→ What to work on:
How many lines in the records below hold the word "Maintained"? Answer with the number alone.

------------------------------------

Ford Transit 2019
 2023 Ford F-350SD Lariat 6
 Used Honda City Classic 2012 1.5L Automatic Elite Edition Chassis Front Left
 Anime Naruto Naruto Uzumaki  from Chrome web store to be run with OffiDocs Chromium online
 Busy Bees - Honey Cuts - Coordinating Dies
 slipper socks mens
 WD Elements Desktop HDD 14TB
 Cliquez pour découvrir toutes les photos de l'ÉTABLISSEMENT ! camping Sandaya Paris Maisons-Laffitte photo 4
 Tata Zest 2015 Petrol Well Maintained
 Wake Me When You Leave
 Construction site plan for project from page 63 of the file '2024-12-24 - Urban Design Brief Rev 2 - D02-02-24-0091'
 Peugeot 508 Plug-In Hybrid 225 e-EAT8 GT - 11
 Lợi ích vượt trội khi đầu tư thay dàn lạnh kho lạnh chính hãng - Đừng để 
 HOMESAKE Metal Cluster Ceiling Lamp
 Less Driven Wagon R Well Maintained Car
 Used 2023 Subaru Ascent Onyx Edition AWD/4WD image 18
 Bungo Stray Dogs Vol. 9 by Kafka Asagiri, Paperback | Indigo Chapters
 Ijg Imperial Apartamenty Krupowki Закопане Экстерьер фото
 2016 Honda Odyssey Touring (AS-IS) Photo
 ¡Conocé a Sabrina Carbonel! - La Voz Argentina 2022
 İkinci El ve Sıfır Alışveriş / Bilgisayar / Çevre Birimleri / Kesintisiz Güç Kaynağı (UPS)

------------------------------------

→ Written answer:
2